• Task goal: Transcribe each line below word for word.

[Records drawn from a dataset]
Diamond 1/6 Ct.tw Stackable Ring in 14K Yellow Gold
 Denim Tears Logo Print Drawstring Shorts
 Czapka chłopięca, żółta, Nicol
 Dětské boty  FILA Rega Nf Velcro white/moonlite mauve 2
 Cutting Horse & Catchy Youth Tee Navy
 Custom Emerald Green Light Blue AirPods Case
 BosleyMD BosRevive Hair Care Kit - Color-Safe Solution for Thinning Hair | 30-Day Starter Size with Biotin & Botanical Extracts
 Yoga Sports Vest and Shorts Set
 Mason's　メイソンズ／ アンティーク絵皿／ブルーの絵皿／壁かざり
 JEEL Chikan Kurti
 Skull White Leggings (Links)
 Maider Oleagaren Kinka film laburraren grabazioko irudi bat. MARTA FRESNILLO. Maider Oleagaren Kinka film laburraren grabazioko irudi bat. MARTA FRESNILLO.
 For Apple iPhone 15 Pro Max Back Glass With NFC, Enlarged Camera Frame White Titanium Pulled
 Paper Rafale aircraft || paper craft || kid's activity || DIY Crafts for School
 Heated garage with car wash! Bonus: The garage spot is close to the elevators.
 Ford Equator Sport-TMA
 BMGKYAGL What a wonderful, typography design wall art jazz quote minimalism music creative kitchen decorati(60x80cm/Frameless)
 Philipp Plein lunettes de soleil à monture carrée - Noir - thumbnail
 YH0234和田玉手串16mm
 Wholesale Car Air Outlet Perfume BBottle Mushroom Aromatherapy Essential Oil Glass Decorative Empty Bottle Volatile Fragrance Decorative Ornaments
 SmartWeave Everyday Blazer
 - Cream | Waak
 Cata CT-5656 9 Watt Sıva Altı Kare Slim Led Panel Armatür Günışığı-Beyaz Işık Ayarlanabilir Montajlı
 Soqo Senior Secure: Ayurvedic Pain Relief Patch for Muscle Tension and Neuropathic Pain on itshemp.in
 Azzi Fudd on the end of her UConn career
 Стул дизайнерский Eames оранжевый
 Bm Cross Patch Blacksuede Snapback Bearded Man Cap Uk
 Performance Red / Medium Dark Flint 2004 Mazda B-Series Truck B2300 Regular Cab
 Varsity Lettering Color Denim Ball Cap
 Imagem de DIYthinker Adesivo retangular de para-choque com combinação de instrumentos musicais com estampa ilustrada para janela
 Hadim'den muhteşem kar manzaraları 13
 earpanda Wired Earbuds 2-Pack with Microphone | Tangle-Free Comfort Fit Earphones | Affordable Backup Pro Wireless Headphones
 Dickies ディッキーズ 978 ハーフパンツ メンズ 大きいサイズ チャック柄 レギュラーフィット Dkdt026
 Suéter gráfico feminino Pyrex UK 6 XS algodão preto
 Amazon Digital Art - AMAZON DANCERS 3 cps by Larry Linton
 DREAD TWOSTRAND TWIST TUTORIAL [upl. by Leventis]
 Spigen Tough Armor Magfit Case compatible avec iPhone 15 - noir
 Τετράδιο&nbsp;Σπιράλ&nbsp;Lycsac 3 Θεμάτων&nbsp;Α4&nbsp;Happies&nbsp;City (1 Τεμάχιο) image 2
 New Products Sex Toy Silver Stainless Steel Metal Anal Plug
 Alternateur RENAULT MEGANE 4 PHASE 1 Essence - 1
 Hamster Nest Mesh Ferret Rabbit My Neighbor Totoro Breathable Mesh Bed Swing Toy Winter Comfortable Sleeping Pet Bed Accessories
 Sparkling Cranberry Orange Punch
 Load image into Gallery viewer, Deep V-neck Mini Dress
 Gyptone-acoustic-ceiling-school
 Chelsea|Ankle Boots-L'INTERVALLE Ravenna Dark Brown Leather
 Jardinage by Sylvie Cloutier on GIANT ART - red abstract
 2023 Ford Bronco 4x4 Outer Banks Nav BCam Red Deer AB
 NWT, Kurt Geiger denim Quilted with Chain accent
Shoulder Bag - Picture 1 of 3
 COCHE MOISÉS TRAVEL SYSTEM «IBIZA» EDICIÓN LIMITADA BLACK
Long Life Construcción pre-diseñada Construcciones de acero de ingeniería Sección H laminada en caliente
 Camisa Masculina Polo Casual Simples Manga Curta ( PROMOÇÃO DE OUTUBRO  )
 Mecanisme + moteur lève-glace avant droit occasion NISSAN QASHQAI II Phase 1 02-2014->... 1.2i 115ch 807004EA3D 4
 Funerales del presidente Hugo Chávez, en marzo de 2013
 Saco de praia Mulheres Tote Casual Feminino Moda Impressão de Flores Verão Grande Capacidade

• Solution below:
Diamond 1/6 Ct.tw Stackable Ring in 14K Yellow Gold
 Denim Tears Logo Print Drawstring Shorts
 Czapka chłopięca, żółta, Nicol
 Dětské boty  FILA Rega Nf Velcro white/moonlite mauve 2
 Cutting Horse & Catchy Youth Tee Navy
 Custom Emerald Green Light Blue AirPods Case
 BosleyMD BosRevive Hair Care Kit - Color-Safe Solution for Thinning Hair | 30-Day Starter Size with Biotin & Botanical Extracts
 Yoga Sports Vest and Shorts Set
 Mason's　メイソンズ／ アンティーク絵皿／ブルーの絵皿／壁かざり
 JEEL Chikan Kurti
 Skull White Leggings (Links)
 Maider Oleagaren Kinka film laburraren grabazioko irudi bat. MARTA FRESNILLO. Maider Oleagaren Kinka film laburraren grabazioko irudi bat. MARTA FRESNILLO.
 For Apple iPhone 15 Pro Max Back Glass With NFC, Enlarged Camera Frame White Titanium Pulled
 Paper Rafale aircraft || paper craft || kid's activity || DIY Crafts for School
 Heated garage with car wash! Bonus: The garage spot is close to the elevators.
 Ford Equator Sport-TMA
 BMGKYAGL What a wonderful, typography design wall art jazz quote minimalism music creative kitchen decorati(60x80cm/Frameless)
 Philipp Plein lunettes de soleil à monture carrée - Noir - thumbnail
 YH0234和田玉手串16mm
 Wholesale Car Air Outlet Perfume BBottle Mushroom Aromatherapy Essential Oil Glass Decorative Empty Bottle Volatile Fragrance Decorative Ornaments
 SmartWeave Everyday Blazer
 - Cream | Waak
 Cata CT-5656 9 Watt Sıva Altı Kare Slim Led Panel Armatür Günışığı-Beyaz Işık Ayarlanabilir Montajlı
 Soqo Senior Secure: Ayurvedic Pain Relief Patch for Muscle Tension and Neuropathic Pain on itshemp.in
 Azzi Fudd on the end of her UConn career
 Стул дизайнерский Eames оранжевый
 Bm Cross Patch Blacksuede Snapback Bearded Man Cap Uk
 Performance Red / Medium Dark Flint 2004 Mazda B-Series Truck B2300 Regular Cab
 Varsity Lettering Color Denim Ball Cap
 Imagem de DIYthinker Adesivo retangular de para-choque com combinação de instrumentos musicais com estampa ilustrada para janela
 Hadim'den muhteşem kar manzaraları 13
 earpanda Wired Earbuds 2-Pack with Microphone | Tangle-Free Comfort Fit Earphones | Affordable Backup Pro Wireless Headphones
 Dickies ディッキーズ 978 ハーフパンツ メンズ 大きいサイズ チャック柄 レギュラーフィット Dkdt026
 Suéter gráfico feminino Pyrex UK 6 XS algodão preto
 Amazon Digital Art - AMAZON DANCERS 3 cps by Larry Linton
 DREAD TWOSTRAND TWIST TUTORIAL [upl. by Leventis]
 Spigen Tough Armor Magfit Case compatible avec iPhone 15 - noir
 Τετράδιο&nbsp;Σπιράλ&nbsp;Lycsac 3 Θεμάτων&nbsp;Α4&nbsp;Happies&nbsp;City (1 Τεμάχιο) image 2
 New Products Sex Toy Silver Stainless Steel Metal Anal Plug
 Alternateur RENAULT MEGANE 4 PHASE 1 Essence - 1
 Hamster Nest Mesh Ferret Rabbit My Neighbor Totoro Breathable Mesh Bed Swing Toy Winter Comfortable Sleeping Pet Bed Accessories
 Sparkling Cranberry Orange Punch
 Load image into Gallery viewer, Deep V-neck Mini Dress
 Gyptone-acoustic-ceiling-school
 Chelsea|Ankle Boots-L'INTERVALLE Ravenna Dark Brown Leather
 Jardinage by Sylvie Cloutier on GIANT ART - red abstract
 2023 Ford Bronco 4x4 Outer Banks Nav BCam Red Deer AB
 NWT, Kurt Geiger denim Quilted with Chain accent
Shoulder Bag - Picture 1 of 3
 COCHE MOISÉS TRAVEL SYSTEM «IBIZA» EDICIÓN LIMITADA BLACK
Long Life Construcción pre-diseñada Construcciones de acero de ingeniería Sección H laminada en caliente
 Camisa Masculina Polo Casual Simples Manga Curta ( PROMOÇÃO DE OUTUBRO  )
 Mecanisme + moteur lève-glace avant droit occasion NISSAN QASHQAI II Phase 1 02-2014->... 1.2i 115ch 807004EA3D 4
 Funerales del presidente Hugo Chávez, en marzo de 2013
 Saco de praia Mulheres Tote Casual Feminino Moda Impressão de Flores Verão Grande Capacidade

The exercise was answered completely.